Among the records that follow, find the line with "Agriturismo La Rocca" and the line with "керамический горшок". Set down those lines and all lines between them exactly, without adding anything.

Brief descriptive captions
········
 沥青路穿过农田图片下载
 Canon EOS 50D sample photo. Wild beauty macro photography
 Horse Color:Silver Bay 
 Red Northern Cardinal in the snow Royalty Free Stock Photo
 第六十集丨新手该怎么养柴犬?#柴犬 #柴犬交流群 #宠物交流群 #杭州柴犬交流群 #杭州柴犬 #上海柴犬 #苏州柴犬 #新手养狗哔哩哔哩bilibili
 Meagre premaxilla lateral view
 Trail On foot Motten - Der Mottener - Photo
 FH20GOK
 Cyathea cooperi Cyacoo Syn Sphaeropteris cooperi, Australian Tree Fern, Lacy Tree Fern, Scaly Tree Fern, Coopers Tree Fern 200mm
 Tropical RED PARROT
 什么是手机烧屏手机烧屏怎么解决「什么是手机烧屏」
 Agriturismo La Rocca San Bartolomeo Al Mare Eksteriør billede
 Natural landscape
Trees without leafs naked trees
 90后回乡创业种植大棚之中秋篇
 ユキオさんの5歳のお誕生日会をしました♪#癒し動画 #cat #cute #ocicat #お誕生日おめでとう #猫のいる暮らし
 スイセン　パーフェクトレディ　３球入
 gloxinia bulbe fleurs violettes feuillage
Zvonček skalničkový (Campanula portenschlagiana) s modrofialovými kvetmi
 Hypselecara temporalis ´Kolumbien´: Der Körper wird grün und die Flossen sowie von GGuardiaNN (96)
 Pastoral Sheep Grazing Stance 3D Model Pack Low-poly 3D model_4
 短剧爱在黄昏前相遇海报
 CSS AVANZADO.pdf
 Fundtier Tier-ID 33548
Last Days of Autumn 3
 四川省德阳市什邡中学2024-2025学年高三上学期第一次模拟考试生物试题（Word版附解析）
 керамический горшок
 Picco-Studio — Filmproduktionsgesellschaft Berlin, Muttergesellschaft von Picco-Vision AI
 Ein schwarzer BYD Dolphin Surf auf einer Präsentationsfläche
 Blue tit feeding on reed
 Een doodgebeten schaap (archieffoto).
········
**YOUR SOLUTION:**
 Agriturismo La Rocca San Bartolomeo Al Mare Eksteriør billede
 Natural landscape
Trees without leafs naked trees
 90后回乡创业种植大棚之中秋篇
 ユキオさんの5歳のお誕生日会をしました♪#癒し動画 #cat #cute #ocicat #お誕生日おめでとう #猫のいる暮らし
 スイセン　パーフェクトレディ　３球入
 gloxinia bulbe fleurs violettes feuillage
Zvonček skalničkový (Campanula portenschlagiana) s modrofialovými kvetmi
 Hypselecara temporalis ´Kolumbien´: Der Körper wird grün und die Flossen sowie von GGuardiaNN (96)
 Pastoral Sheep Grazing Stance 3D Model Pack Low-poly 3D model_4
 短剧爱在黄昏前相遇海报
 CSS AVANZADO.pdf
 Fundtier Tier-ID 33548
Last Days of Autumn 3
 四川省德阳市什邡中学2024-2025学年高三上学期第一次模拟考试生物试题（Word版附解析）
 керамический горшок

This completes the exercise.